*** Recorded data ***
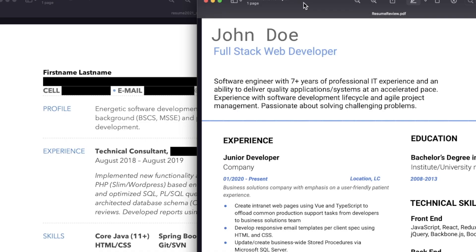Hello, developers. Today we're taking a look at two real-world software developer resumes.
*** End of Recorded data ***
*** Recorded data ***
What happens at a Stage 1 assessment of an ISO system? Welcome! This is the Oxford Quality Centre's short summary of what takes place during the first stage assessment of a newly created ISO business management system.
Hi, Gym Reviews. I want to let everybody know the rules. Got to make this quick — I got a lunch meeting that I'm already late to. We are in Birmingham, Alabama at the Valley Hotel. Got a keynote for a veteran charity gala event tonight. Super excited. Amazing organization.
*** End of Recorded data ***
What you have to do:
Precisely the lines between those holding "What happens at" and "Hi, Gym Reviews.", inclusive, are to be reproduced from the listing above, with nothing added.

Answer area:
What happens at a Stage 1 assessment of an ISO system? Welcome! This is the Oxford Quality Centre's short summary of what takes place during the first stage assessment of a newly created ISO business management system.
Hi, Gym Reviews. I want to let everybody know the rules. Got to make this quick — I got a lunch meeting that I'm already late to. We are in Birmingham, Alabama at the Valley Hotel. Got a keynote for a veteran charity gala event tonight. Super excited. Amazing organization.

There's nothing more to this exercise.